- Source material -
= Beginning of Section =
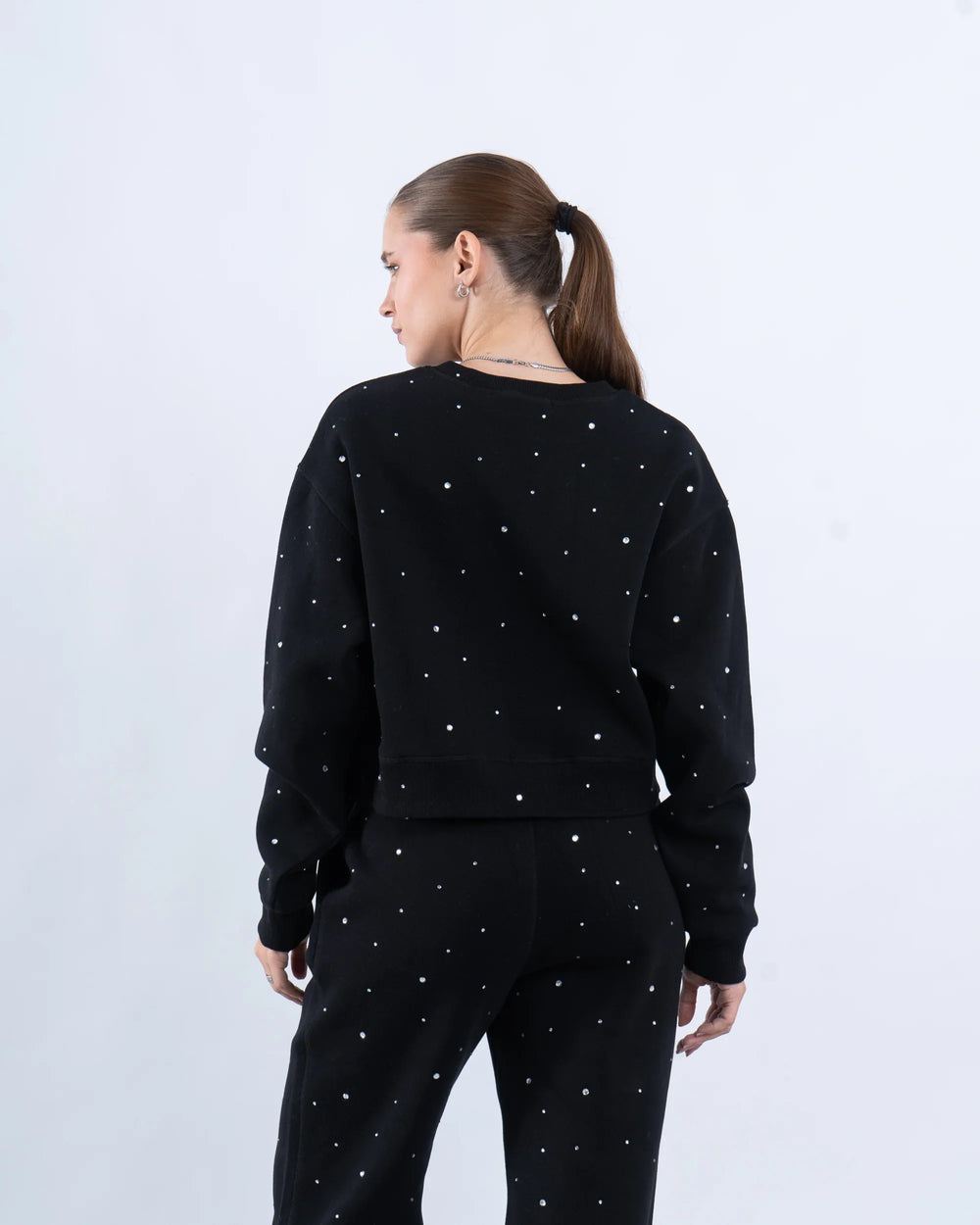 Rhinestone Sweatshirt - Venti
= End of Section =
= Beginning of Section =
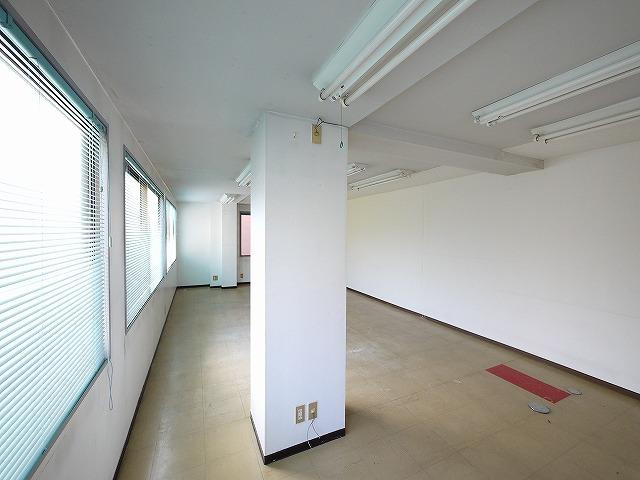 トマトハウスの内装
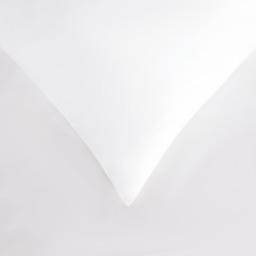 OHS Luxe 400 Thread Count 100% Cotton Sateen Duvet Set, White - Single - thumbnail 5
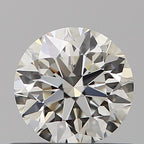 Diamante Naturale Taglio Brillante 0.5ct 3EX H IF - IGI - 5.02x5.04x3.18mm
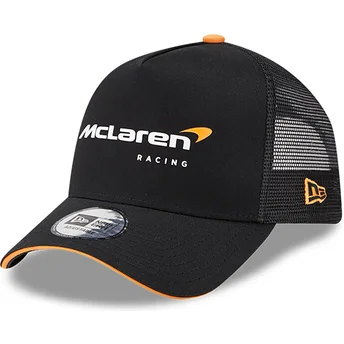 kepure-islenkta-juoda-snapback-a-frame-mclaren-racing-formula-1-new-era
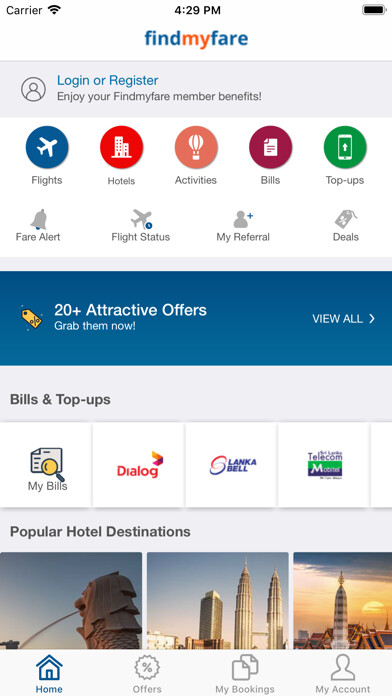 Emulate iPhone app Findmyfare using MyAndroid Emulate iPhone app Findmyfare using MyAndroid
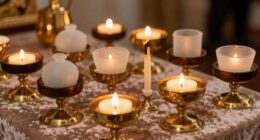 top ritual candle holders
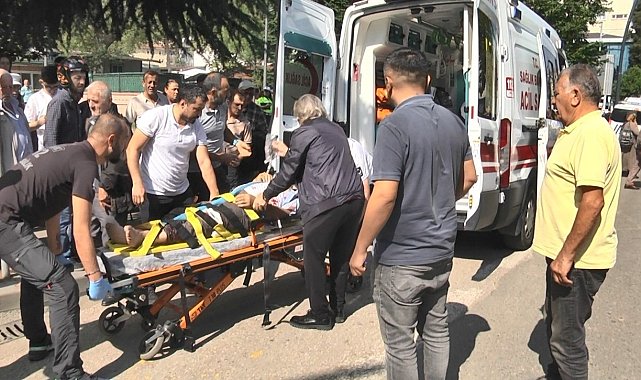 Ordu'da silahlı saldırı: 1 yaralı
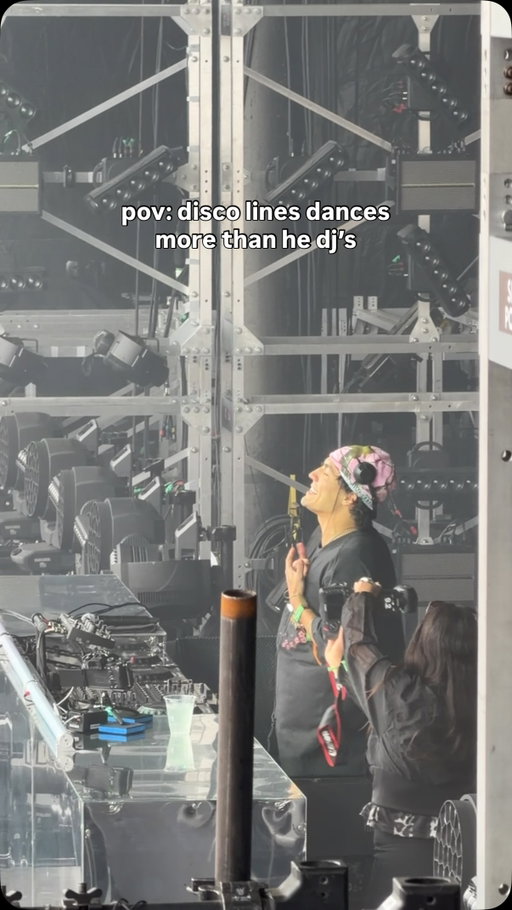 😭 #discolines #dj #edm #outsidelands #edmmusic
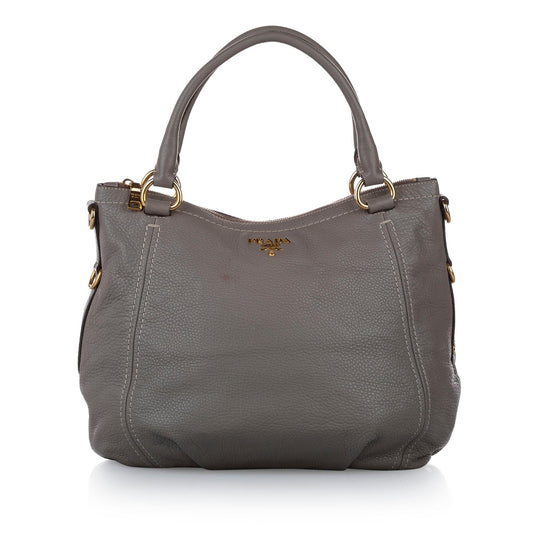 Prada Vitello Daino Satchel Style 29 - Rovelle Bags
= End of Section =
From the records above, copy exactly the stretch from the line holding "top ritual candle holders" through the line holding "Prada Vitello Daino", both ends included, without the pictures.

- Answer below -
 top ritual candle holders
 Ordu'da silahlı saldırı: 1 yaralı
 😭 #discolines #dj #edm #outsidelands #edmmusic
 Prada Vitello Daino Satchel Style 29 - Rovelle Bags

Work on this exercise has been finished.